La qualité de l’ouvrage pointé du doigt

La destruction de ce pont par les eaux suscite moult interrogations auprès des populations. Les stigmates sur l’ouvrage sont d’autant plus spectaculaires que les travaux ont été terminés, il y a à peine une année. L’entreprise togolaise en charge des travaux est pointée du doigt pour la qualité de ses prestations.

Employé comme manœuvre par l’entreprise en cause, Thiamou confie : ‘’Je redoutais cette situation depuis longtemps. Sans vraiment être un expert dans le domaine, je savais tout de même que les choses se faisaient dans la précipitation. On ne prenait pas le temps le nécessaire pour laisser le ciment se durcir, lors des coffrages.’’

En fait, selon une voix autorisée qui a préféré s’exprimer sous le couvert de l’anonymat, le pont détruit par les eaux pluviales n’a pas été refait par l’entreprise. ‘’En réalité, l’entreprise togolaise a trouvé le pont existant. Les ingénieurs n’ont pas jugé utile de le refaire. Ils ont préféré poser la couche de goudron dessus. C’est une faute grave, car l’entreprise a été payée pour réhabiliter la route nationale sur tout le tronçon. Ils auraient dû détruire tous les ponts existants pour les reprendre avec leur expertise. C’est dommage qu’en moins d’une année, les ouvrages soient détruits. Cela montre que les choses ne sont pas faites avec tout le sérieux requis.’’

Il remet en question la qualité des autres ouvrages. ‘’Qu’est-ce qui nous garantit que les autres ponts vont résister aux assauts des ruissellements ? Nous n’avons aucune garantie. Aujourd’hui, nous sommes en danger, car nous roulons sur ces ponts, en sachant qu’ils peuvent céder à tout moment. Et vous savez parfaitement que cette route est jalonnée de points de passage des eaux de pluie. Alors, le danger est présent à chaque pont.

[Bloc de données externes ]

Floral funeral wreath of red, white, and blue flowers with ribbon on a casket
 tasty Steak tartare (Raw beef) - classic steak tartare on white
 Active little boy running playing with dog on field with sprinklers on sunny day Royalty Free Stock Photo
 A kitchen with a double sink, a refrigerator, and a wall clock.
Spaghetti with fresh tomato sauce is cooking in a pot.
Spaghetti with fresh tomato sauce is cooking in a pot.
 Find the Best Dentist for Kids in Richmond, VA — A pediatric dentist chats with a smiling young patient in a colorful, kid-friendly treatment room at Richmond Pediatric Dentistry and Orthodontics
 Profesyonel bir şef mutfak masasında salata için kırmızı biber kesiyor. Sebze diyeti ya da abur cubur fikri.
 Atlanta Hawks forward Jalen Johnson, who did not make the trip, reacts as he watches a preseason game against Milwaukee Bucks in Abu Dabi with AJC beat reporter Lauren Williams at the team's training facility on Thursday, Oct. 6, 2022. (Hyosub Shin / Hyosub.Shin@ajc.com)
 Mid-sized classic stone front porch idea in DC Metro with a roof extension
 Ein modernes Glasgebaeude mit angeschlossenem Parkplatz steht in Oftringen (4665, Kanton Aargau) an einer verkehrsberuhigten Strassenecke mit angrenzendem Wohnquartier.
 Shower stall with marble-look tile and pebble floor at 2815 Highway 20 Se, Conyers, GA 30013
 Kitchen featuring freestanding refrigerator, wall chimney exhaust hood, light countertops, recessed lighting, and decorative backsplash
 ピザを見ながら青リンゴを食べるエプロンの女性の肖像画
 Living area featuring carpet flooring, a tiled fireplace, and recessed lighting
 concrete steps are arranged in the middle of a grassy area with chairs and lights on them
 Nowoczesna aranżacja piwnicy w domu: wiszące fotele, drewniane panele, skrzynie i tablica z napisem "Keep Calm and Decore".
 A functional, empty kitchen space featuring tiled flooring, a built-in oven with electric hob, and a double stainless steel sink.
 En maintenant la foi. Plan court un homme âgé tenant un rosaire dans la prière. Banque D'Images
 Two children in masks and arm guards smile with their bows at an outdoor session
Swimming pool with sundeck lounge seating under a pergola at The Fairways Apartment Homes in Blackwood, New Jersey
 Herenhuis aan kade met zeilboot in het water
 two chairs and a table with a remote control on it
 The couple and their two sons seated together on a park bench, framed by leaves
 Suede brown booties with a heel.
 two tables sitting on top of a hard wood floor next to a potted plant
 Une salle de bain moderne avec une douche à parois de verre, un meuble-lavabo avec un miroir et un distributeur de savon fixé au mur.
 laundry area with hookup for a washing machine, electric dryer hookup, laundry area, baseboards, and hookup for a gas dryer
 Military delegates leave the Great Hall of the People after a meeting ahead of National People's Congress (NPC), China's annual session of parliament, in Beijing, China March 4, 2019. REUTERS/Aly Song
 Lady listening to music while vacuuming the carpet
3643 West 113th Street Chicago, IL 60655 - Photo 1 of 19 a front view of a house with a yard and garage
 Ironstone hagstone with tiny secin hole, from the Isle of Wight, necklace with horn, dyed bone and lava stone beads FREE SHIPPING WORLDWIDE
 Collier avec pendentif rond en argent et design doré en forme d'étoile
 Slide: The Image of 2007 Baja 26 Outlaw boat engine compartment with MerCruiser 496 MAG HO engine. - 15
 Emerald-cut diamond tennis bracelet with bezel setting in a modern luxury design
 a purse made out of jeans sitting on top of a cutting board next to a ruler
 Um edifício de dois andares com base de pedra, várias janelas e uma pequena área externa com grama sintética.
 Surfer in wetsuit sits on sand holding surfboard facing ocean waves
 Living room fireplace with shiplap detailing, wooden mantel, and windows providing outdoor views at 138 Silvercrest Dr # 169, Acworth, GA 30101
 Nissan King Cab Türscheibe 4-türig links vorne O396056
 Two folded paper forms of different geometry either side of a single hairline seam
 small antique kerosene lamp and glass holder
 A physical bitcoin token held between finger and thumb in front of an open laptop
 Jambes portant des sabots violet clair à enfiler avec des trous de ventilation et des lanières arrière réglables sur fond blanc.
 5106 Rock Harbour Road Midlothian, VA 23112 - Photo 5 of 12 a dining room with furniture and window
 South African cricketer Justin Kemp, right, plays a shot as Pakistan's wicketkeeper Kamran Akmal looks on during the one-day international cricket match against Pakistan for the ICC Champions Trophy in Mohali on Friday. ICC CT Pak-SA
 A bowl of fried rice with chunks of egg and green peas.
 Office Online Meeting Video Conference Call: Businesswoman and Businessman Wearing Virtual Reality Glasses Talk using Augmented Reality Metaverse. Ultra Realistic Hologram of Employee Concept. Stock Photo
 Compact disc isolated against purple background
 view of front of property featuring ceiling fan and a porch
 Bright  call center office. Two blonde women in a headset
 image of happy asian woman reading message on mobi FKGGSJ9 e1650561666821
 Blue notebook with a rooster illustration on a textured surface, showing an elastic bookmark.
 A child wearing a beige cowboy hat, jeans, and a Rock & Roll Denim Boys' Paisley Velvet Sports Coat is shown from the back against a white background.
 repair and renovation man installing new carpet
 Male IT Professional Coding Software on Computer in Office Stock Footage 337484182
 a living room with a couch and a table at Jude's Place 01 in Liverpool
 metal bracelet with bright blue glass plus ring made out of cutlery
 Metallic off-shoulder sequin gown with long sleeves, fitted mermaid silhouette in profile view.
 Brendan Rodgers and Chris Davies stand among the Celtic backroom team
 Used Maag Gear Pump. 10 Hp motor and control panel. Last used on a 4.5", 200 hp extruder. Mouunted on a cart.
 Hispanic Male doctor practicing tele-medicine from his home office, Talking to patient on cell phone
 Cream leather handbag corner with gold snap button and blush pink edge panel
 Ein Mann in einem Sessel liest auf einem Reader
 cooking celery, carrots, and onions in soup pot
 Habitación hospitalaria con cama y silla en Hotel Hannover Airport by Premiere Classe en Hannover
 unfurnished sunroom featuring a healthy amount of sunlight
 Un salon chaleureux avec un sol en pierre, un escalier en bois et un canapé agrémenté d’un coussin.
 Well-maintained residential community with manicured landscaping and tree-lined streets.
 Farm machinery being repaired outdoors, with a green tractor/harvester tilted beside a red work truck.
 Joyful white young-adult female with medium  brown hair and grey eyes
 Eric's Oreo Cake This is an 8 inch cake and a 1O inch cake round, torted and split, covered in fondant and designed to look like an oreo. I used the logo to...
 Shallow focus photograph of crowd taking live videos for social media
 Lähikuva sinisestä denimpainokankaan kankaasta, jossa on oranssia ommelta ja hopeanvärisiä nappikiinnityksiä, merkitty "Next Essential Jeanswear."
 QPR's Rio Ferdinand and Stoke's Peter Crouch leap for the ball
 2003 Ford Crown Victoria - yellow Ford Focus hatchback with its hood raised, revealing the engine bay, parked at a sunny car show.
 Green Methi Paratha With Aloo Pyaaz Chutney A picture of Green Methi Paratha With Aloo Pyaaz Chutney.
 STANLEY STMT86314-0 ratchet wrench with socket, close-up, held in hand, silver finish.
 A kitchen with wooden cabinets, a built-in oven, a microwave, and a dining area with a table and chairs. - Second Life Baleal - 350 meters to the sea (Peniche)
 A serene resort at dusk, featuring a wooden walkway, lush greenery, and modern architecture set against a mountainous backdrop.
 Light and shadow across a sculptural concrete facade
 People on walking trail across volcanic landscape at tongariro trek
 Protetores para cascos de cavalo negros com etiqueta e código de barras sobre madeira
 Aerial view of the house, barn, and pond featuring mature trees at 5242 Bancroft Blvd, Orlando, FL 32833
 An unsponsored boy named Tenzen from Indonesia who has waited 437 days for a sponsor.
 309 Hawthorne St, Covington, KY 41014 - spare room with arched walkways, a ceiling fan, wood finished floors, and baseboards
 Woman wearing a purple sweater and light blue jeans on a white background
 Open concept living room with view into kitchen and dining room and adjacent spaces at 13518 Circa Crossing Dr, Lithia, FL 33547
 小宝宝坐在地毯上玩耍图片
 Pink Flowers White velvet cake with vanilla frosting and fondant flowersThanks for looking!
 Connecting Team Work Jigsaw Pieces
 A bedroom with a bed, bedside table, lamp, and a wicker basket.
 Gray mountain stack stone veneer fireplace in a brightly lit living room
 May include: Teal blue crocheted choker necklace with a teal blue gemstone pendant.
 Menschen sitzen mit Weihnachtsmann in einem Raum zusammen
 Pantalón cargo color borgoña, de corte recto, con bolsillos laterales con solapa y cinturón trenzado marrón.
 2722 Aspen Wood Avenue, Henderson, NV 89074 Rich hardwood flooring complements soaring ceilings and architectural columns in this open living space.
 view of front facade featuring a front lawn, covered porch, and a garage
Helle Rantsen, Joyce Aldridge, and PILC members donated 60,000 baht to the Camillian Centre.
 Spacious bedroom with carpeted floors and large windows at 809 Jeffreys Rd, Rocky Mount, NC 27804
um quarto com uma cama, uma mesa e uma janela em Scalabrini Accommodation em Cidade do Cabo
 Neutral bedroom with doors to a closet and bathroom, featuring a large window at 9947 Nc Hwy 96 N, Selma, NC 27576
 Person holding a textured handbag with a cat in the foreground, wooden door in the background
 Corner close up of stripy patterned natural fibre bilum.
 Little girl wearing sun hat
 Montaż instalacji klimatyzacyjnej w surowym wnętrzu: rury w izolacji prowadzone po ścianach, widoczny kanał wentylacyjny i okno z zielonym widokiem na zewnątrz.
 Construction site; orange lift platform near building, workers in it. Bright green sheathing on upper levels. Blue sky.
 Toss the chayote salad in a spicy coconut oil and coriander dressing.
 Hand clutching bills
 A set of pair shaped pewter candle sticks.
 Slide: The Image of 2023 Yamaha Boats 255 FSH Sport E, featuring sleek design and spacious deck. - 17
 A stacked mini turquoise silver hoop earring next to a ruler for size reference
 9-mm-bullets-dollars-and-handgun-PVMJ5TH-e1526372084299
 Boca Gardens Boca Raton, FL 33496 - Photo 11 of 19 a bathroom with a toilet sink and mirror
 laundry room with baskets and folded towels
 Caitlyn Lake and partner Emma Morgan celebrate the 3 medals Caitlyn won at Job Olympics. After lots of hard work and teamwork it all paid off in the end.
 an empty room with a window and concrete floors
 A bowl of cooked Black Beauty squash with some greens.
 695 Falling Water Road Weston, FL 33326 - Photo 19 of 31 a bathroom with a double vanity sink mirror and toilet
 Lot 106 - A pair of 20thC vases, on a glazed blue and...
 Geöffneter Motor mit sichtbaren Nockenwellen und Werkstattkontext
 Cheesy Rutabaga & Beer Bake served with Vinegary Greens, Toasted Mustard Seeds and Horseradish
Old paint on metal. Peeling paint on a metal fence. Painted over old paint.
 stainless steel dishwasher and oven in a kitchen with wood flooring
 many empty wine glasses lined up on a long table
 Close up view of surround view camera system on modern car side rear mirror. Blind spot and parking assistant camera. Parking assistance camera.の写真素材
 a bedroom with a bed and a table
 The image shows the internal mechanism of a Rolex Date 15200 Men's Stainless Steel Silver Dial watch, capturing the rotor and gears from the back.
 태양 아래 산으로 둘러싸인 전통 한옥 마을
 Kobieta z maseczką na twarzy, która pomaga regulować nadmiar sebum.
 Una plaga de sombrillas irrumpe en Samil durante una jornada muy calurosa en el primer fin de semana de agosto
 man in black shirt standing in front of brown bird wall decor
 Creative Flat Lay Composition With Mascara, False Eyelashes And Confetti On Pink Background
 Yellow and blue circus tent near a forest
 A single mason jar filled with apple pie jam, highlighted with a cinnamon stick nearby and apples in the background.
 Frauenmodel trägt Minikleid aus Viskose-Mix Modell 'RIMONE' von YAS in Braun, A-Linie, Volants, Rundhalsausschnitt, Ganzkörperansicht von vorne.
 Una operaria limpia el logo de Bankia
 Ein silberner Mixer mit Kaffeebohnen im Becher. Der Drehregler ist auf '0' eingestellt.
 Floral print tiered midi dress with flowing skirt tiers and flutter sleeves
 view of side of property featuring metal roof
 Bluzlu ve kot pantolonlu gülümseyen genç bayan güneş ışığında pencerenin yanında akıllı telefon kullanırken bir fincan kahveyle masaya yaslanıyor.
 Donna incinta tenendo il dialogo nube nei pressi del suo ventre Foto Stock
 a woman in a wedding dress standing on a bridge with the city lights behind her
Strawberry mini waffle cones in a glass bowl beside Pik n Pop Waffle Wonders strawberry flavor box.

L’idéal serait de demander à l’entreprise de reprendre tous les ponts, mais nous savons tous que nous sommes au Sénégal. Et nous savons comment ça marche. On manque de rigueur, même sur des questions aussi vitales’’.

Les populations, visiblement mécontentes, commencent à s’organiser à travers les réseaux sociaux pour fustiger ce qu’elles considèrent comme ‘’un manque de respect notoire de la part de Macky Sall’’. ‘’Toutes ces situations montrent que le président de la République ne respecte pas le Fouta. S’il nous respectait, les choses ne se passeraient pas ainsi. Sinon, comment expliquer des ponts détruits après moins d’une année de leur réhabilitation ? C’est parce que c’est le Fouta que des entreprises douteuses sont choisies pour réaliser des travaux. Nous méritons des ouvrages de qualité comme ceux qui sont faits dans les autres régions. Cette injustice doit cesser’’, lance Moussa Camara.

Si les populations s’en prennent déjà à l’entreprise togolaise, certaines, plus avisées, trouvent que la grande responsabilité de ces dégâts incombe aux services des missions de contrôle. Abdoulaye, professeur d’histoire et de géographie, est formel.

‘’Avant de critiquer l’entreprise, il faut penser à ceux qui contrôlaient les travaux. Il faut savoir que lorsque l’Etat attribue un marché, il désigne un organe de contrôle qui a pour mission de superviser les travaux, de vérifier la conformité des travaux avec le cahier des charges. Alors, j’estime que les véritables fautifs de cette situation, ce sont les corps de contrôle. Ils sont grassement payés pour, en fin de compte, faillir à leur mission. Ce pont qui a cédé est peut-être un mal pour un bien. Je pense qu’il permettra à tout le monde de savoir que les travaux qui sont réalisés dans les régions périphériques sont le plus souvent bâclés. Regardez bien le nombre d’infrastructures réalisées récemment et qui sont déjà en état de délabrement. La vérité est que personne ne contrôle les travaux’’, conclut-il avec un brin de dépit.

Le pont de Diamouguel emporté par les eaux n’est, en réalité, que la partie visible de l’iceberg, car non loin de la route nationale, les populations du Dandé Mayoo sont quasiment coupées du monde. La seule piste qui les relie au reste de la région est entrecoupée par les eaux de pluie. Les jours à venir risquent d’être particulièrement électriques et la pluviométrie abondante est loin d’arranger la situation.